This column is not based on research or data.
It is based on personal observations from our office at the Chamber.
The news of Macy’s closing has been tough. It is a psychological blow to many people in our community who saw it as their only place where they could go in Owensboro to buy clothing or homewares.
It is tough because of the jobs lost by mostly women, many of whom have worked there through most of their careers. Macy’s is a globally recognized brand. They have the Thanksgiving Day Parade that is a part of American culture. It was our last “department store” where we could find just about anything we wanted from makeup to handbags to men’s shoes to small appliances.
Pier One announcing its closing a few days after Macy’s announcement was another punch for the same reasons.

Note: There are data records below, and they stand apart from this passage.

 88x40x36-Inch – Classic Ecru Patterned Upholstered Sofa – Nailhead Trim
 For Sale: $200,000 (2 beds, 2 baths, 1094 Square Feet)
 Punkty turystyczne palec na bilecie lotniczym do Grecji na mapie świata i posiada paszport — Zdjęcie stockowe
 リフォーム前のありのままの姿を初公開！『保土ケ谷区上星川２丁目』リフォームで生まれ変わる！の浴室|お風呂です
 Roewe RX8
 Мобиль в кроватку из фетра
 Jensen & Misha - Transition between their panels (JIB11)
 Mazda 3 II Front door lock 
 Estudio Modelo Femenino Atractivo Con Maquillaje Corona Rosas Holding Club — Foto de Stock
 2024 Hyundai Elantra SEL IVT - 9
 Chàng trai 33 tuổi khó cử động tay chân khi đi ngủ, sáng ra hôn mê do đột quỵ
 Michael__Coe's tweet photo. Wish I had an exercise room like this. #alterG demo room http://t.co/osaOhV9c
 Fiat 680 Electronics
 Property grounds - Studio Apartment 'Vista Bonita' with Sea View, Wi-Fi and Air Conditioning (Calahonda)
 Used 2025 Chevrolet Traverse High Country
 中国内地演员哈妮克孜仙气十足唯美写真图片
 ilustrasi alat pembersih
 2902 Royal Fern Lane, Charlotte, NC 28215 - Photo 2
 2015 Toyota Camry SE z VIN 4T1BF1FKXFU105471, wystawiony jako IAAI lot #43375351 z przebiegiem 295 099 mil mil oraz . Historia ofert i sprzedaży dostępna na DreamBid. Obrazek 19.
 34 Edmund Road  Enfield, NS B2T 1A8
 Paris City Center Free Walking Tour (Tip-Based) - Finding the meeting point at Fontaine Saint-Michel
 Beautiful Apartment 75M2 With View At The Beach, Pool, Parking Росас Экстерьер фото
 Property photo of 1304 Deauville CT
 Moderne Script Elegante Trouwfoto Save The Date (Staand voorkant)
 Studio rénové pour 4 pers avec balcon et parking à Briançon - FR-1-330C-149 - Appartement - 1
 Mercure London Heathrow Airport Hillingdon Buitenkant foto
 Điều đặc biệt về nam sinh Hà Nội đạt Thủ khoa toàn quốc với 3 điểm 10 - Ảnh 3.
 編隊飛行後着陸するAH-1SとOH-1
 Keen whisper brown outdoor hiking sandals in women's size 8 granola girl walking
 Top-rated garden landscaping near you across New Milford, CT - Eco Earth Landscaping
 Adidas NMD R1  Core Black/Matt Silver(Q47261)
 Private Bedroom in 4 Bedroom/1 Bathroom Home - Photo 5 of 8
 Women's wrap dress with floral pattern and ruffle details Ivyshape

Even though these closings were part of corporate-wide downsizings, it is easy to allow this news to make us feel negatively about our community. But this is an not Owensboro trend.
The national trends are real. Big retail chains are closing operations as sales shift more and more to online shopping. This is happening in small town America here in the heartland but also in big cities and on the coasts.
So, what do we do?
We have a small business community here that is quite unlike any other. Over the past 10 years, as our national retail chains have left, our local retail presence has grown exponentially. Entrepreneurs who see a niche not being filled are stepping up and creating their own locally owned businesses.
Our Shop Owensboro had 70 participating merchants this year. Over half of those have been opened since the national retail scene started receding.
While realistically this department store concept won’t be recreated, we may have to get a little innovative to create our own department store concept with many different small businesses.
Our hearts go out to the employees who have given us such great service for decades.
Let’s not count Owensboro out. Our business community has bucked trends for generations.